The following quotes from Elder Maxwell during a BYU Devotional Address at BYU provide an interesting perspective on the world of employment here in this life:

How often have you and I really pondered just what it is, therefore, that will rise with us in the resurrection? Our intelligence will rise with us, meaning not simply our I.Q., but our capacity to receive and to apply truth. Our talents, attributes, and skills will rise with us, certainly also our capacity to learn, our degree of self-discipline, and our capacity to work. Note that I said “our capacity to work” because the precise form of our work here may have no counterpart there, but the capacity to work will never be obsolete. To be sure, we cannot, while here, entirely avoid contact with the obsolescent and the irrelevant. It is all around us. But one can be around irrelevancy without becoming attached to it, and certainly we should not become preoccupied with obsolete things.

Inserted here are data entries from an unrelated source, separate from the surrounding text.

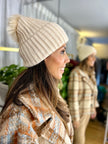 Berretto Anna - Beige-Nero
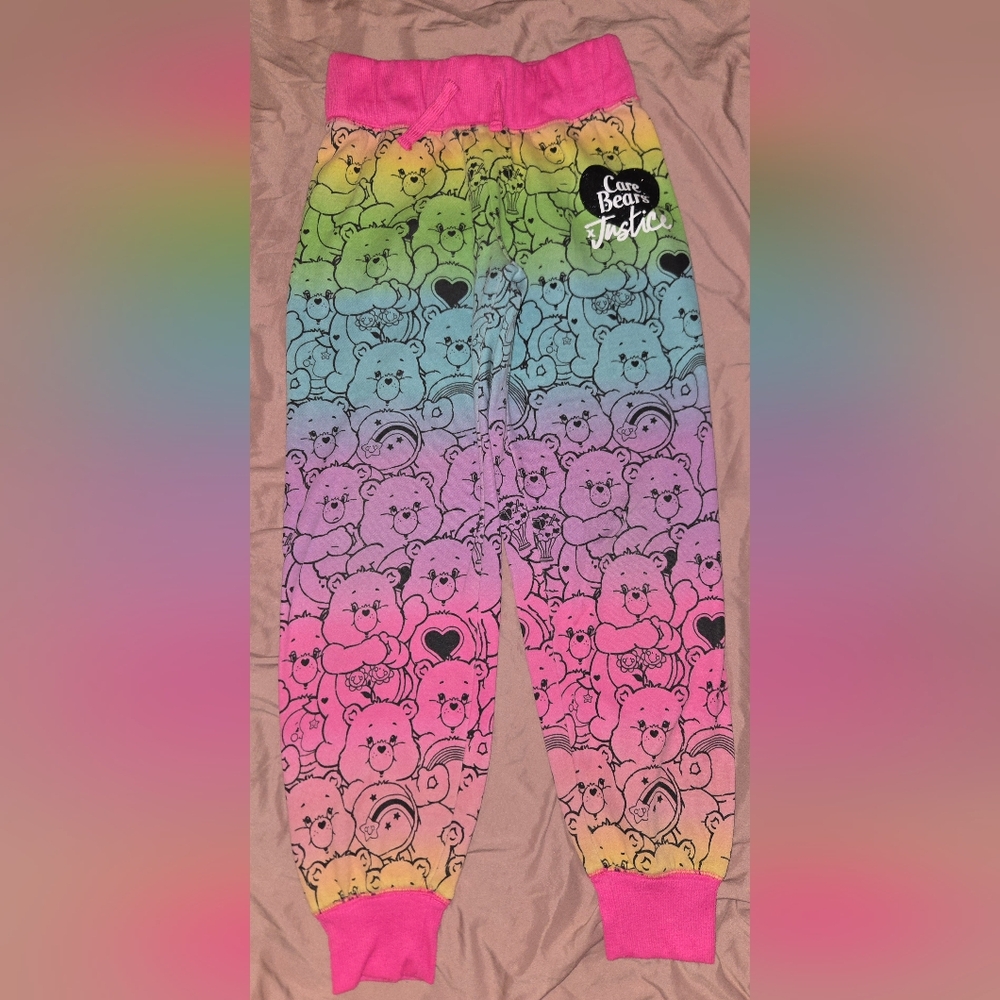 Justice X Carebears Kids Colorful Sweatpants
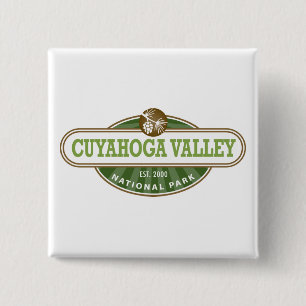 Cuyahoga Valley National Park 15 Cm Square Badge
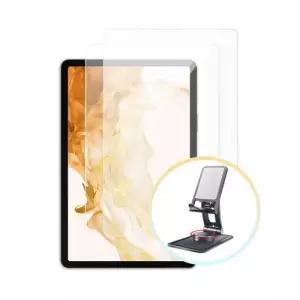 갤럭시탭S6 10.5 강화유리 필름 2매+회전 거치대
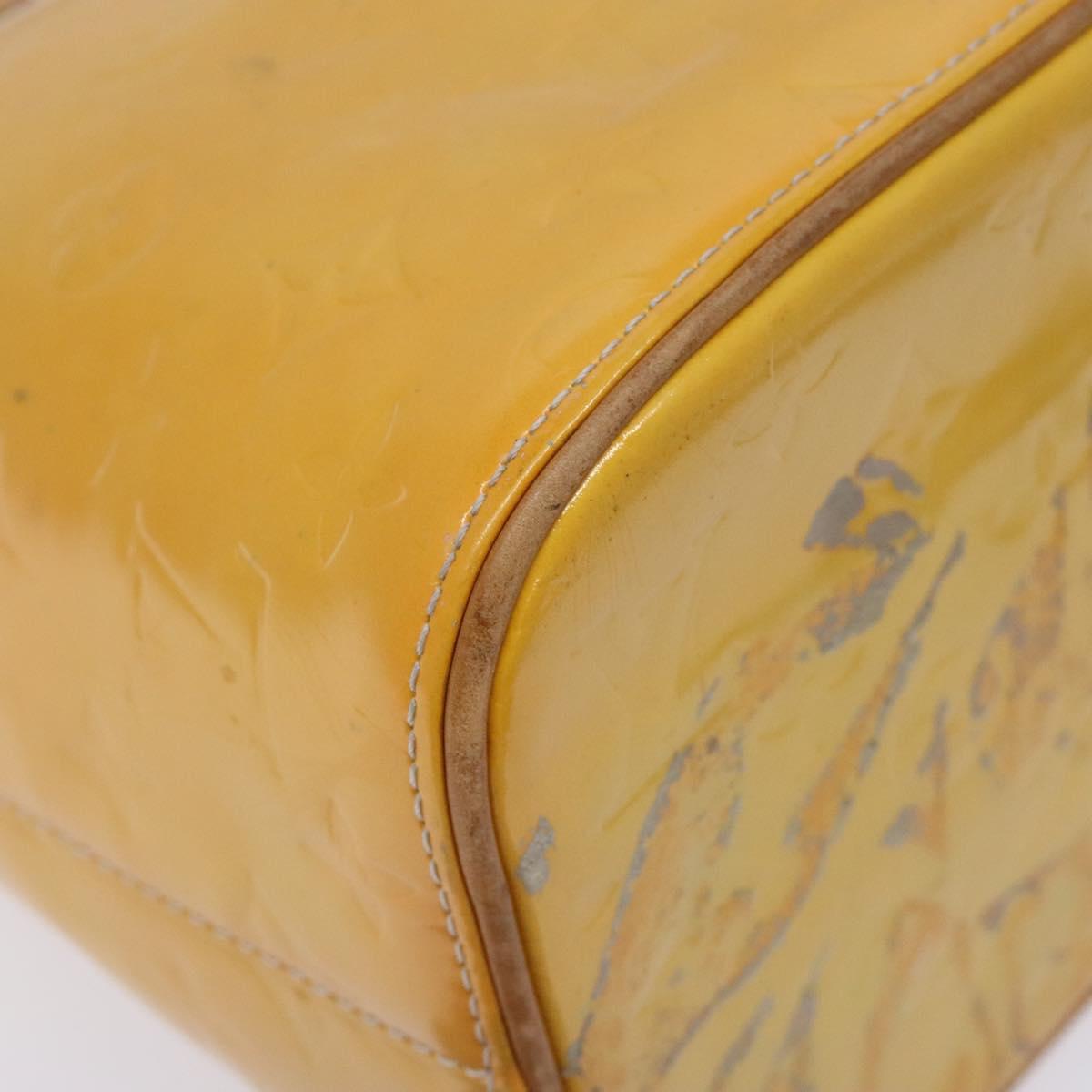 LOUIS VUITTON Monogram Vernis Houston Hand Bag Gris M91053 LV Auth 132526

By these remarks I do not intend to create discontent with the paraphernalia of this probationary estate, but it is a grave error to mistake the scenery and the props for the real drama which is underway. Nor do I wish to bear down too much on the fact that certain mortal vocations will be irrelevant in the next world. A mortician does useful work here, especially if it is done with excellence, compassion, and reverence for life. Whatever our vocation, we should be sweetened, not hardened. Keeping our sense of proportion whatever we do, keeping our precious perspective wherever we are, and keeping the commandments however we are tested reflect being settled, rooted, and grounded in our discipleship.

……..

One’s task is to do more and to perform well within his callings, but it is not something else or another work he should seek. God will not judge us according to the calling of another. Therefore, how we utilize the seemingly ordinary experiences of our life and how well we keep the commandments are true tests of our performance in this second estate. One can, while in the employ of a railroad company, learn something of patience while struggling to keep the train schedule meticulously up to date. But the patience will long outlast the printed train schedule. A discovering scientist may augment his awe and meekness before his Creator because of the breathtaking order in the universe even if his new discoveries erelong are swallowed up in even more immense discoveries.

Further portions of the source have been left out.